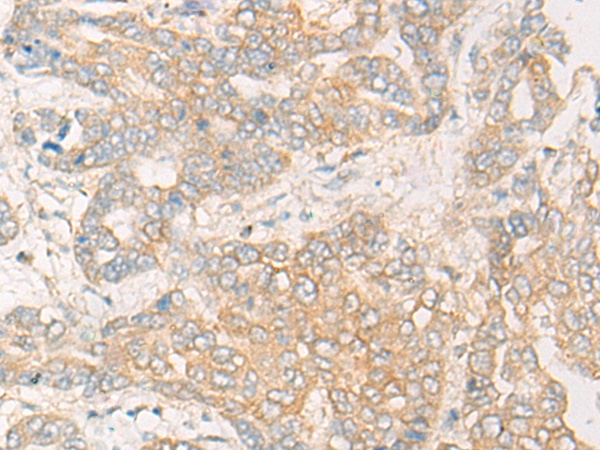 兔抗CLEC12A多克隆抗体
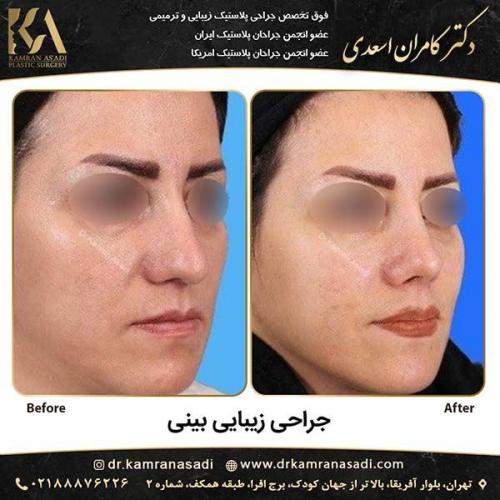 جراحی-بینی-دکتر-اسعدی-4-13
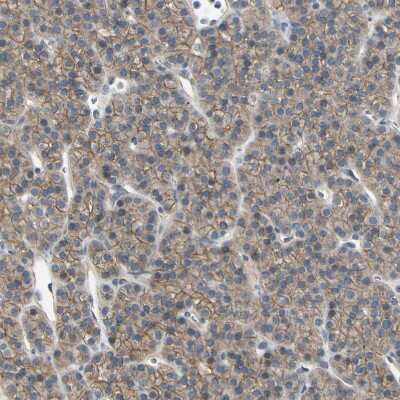 Immunohistochemistry-Paraffin: RNF180 Antibody [NBP1-86127] - Staining of human parathyroid gland shows moderate membranous positivity in glandular cells.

◆ ◆ ◆ ◆

• [Work task]: Your task is to reproduce exactly the lines from the one that holds "جراحی-بینی-دکتر-اسعدی-4-13" to the last line of the listing, and only those, omitting the pictures.

• [Your response]:
 جراحی-بینی-دکتر-اسعدی-4-13
 Immunohistochemistry-Paraffin: RNF180 Antibody [NBP1-86127] - Staining of human parathyroid gland shows moderate membranous positivity in glandular cells.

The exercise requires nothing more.